▶ [Task to carry out]: After locating the line with "Chevrolet Vintage Hubcap - Picture 1 of 3" below, output it and each following line exactly, stopping after the line with "Days Inn by". No pictures.

▶ [Data to use]:
────────

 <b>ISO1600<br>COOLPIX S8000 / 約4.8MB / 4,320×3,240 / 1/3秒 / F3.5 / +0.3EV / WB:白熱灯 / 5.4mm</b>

────────

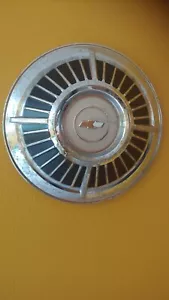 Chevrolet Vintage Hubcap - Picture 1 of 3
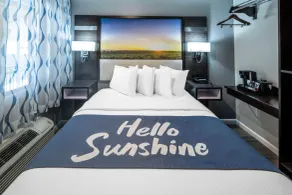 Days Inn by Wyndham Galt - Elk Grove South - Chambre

────────

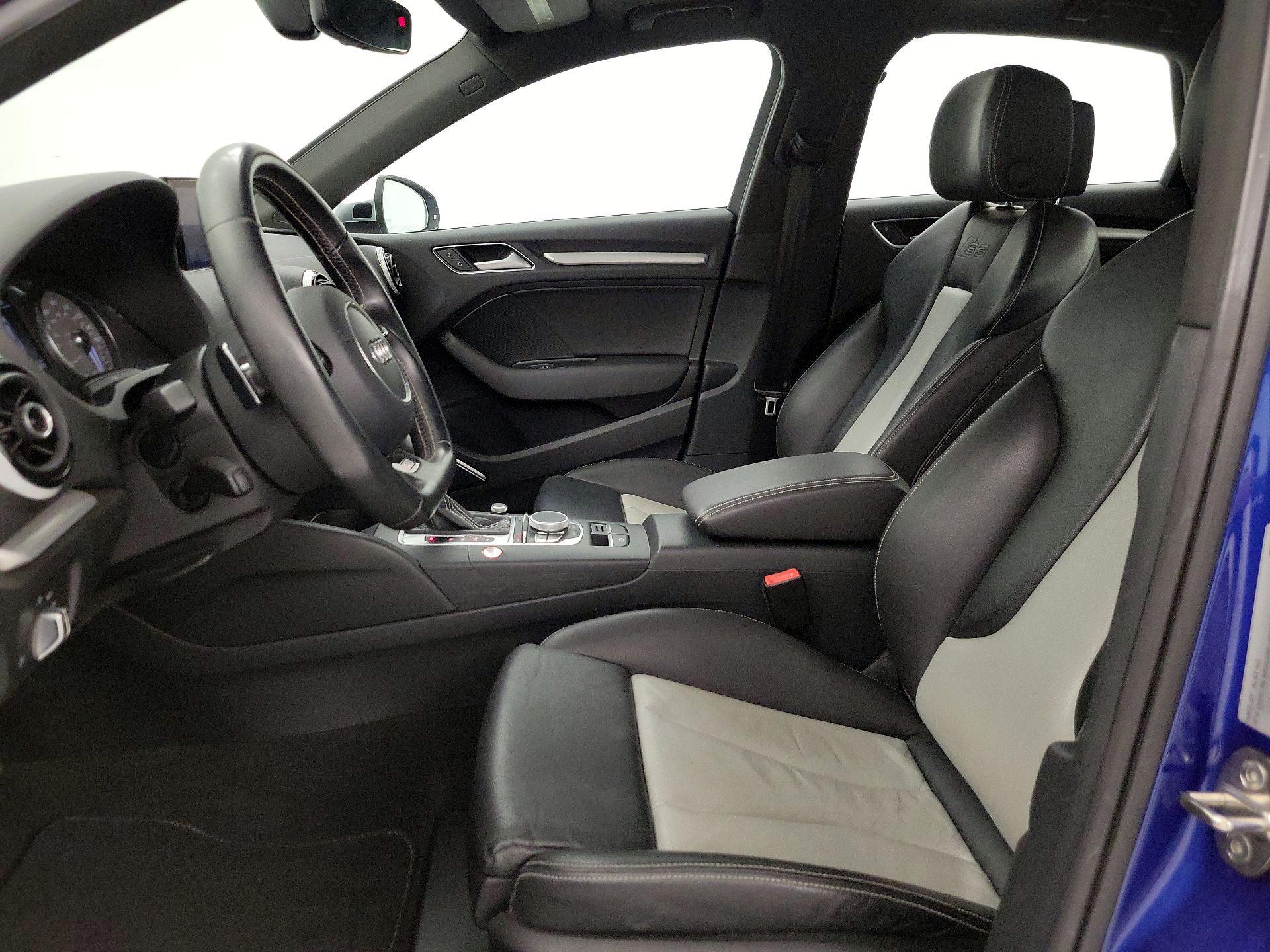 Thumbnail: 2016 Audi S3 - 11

────────

▶ [Answer section]:
 Chevrolet Vintage Hubcap - Picture 1 of 3
 Days Inn by Wyndham Galt - Elk Grove South - Chambre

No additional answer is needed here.